Sem a possibilidade de cumprir com uma quarentena satisfatória, famílias pobres vêm sofrendo com o fechamento ou redução de atendimento de vários serviços públicos essenciais. Em diversas cidades e bairros, mulheres chefes de família reclamam que não estão conseguindo fazer cadastros indispensáveis para sua sobrevivência, como Bolsa Família, por darem de cara com o CRAS (Centro de Referência de Assistência Social) de portas fechadas. A falta das refeições servidas nas escolas públicas também vem fazendo a diferença na vida das crianças, que sentem no vazio de seu estômago o ódio do Estado à sua classe. Mesmo com a prorrogação da quarentena, Doria ainda não liberou o prometido auxílio-alimentação para os alunos de escolas públicas, anunciado há duas semanas pelo governador de São Paulo.
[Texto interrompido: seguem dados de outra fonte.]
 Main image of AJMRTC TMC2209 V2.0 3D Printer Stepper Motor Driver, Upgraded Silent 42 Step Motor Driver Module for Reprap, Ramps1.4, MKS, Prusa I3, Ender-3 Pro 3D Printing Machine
Outro direito que já vinha sendo duramente atacado por grupos extremistas religiosos e que agora vem tendo seu acesso dificultado, é o direito ao aborto seguro nos casos previstos em lei. O Hospital Pérola Byington, por exemplo, havia suspendido o serviço de interrupção de gravidez a fim de diminuir a circulação de pessoas no local, contudo, é papel do Estado possibilitar a conciliação da quarentena e a garantia do procedimento.
Ainda nesse período, as denúncias de violência doméstica aumentaram 9% segundo dados do Ministério da Mulher, da Família e dos Direitos Humanos, em estados como São paulo e Rio de janeiro, o aumento chegou aos 50%, isso se deve ao fato de que muitos casos de violência são cometidos por pessoas da família ou muito próximas da vítima. Nessa perspectiva, tramita um projeto na Câmara dos Deputados que pede a obrigatoriedade das casas-abrigo e Centros de Atendimento Integral e Multidisciplinares para Mulheres permanecerem abertos no período da quarentena, para que possam receber as vítimas de violência.
Em paralelo a isso tudo, os profissionais da área da saúde e serviços públicos sofrem com a escassez de materiais de higiene e de trabalho para atender a população. Linha de frente em diversos setores, médicos e assistentes sociais precisam se virar com o que têm para garantir o possível aos seus usuários, que muitas vezes são pessoas em situação de vulnerabilidade e grupo de risco. Nessa onda de forçação de barra em cima do Sistema Único de Saúde e diminuição de alguns serviços por conta da quarentena, a privatização vira a “solução” para uma situação provocada pelo próprio Estado burguês, que tende a suprimir as brechas que a população pobre encontra para sobreviver nessa selva.